- [Task brief] Everything from the line with "4 rooms Commercial" to the line with "60-54, ������ 8155160490 ����" in the listing below, both lines included, needs to be copied exactly, apart from the pictures.

- [Material shown]

************

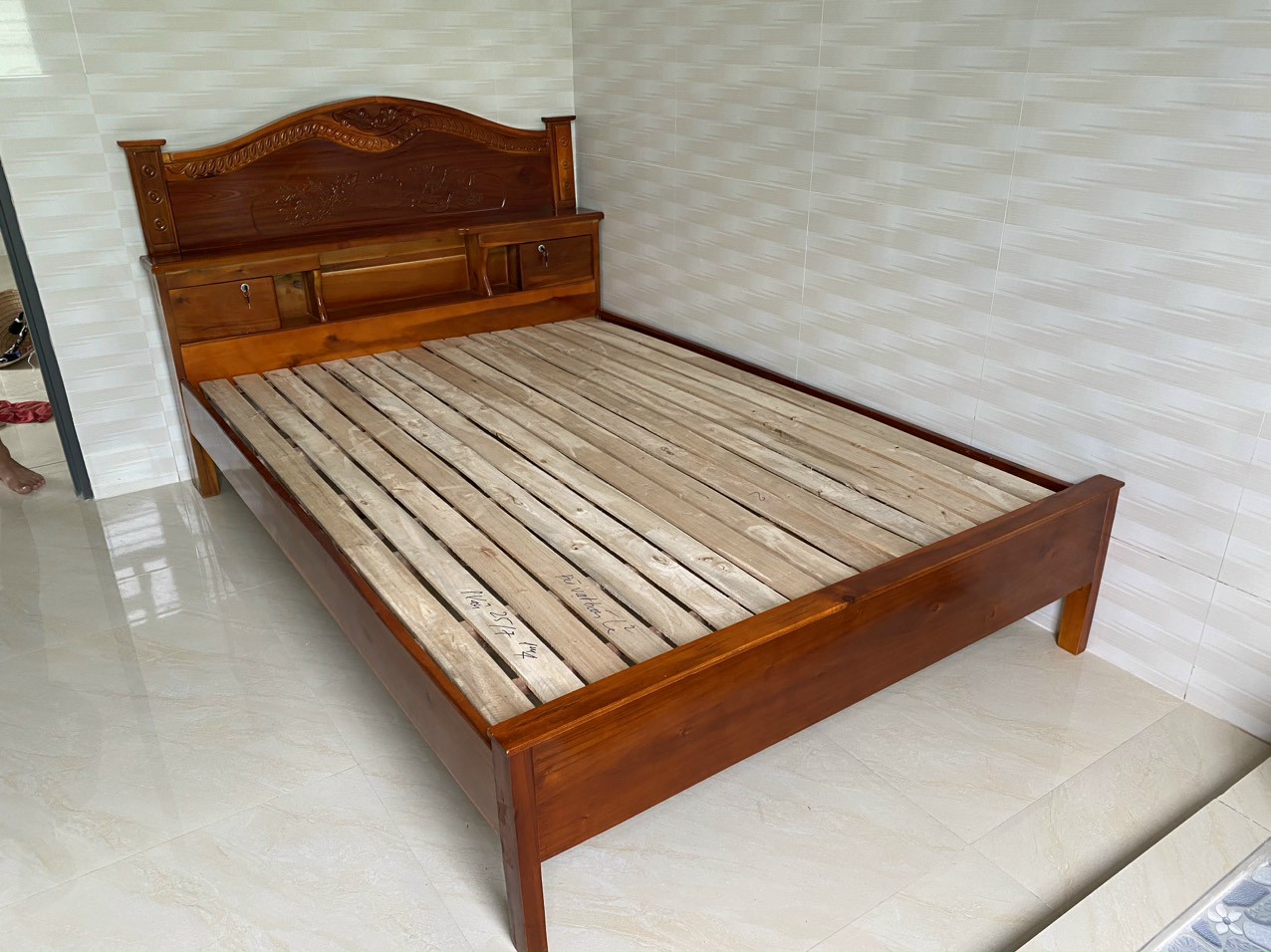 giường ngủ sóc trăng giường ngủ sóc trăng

************

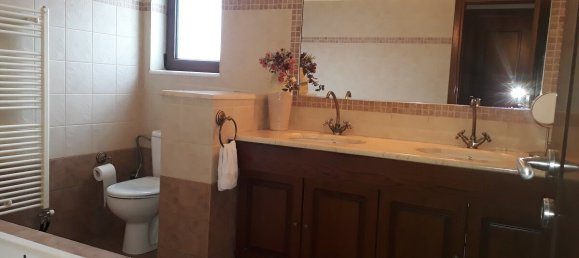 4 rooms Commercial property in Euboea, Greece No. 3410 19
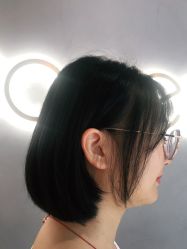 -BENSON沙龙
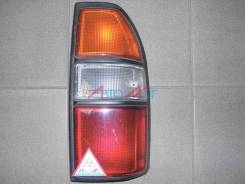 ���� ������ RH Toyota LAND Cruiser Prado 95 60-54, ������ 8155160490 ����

************

- [Reply]
 4 rooms Commercial property in Euboea, Greece No. 3410 19
 -BENSON沙龙
 ���� ������ RH Toyota LAND Cruiser Prado 95 60-54, ������ 8155160490 ����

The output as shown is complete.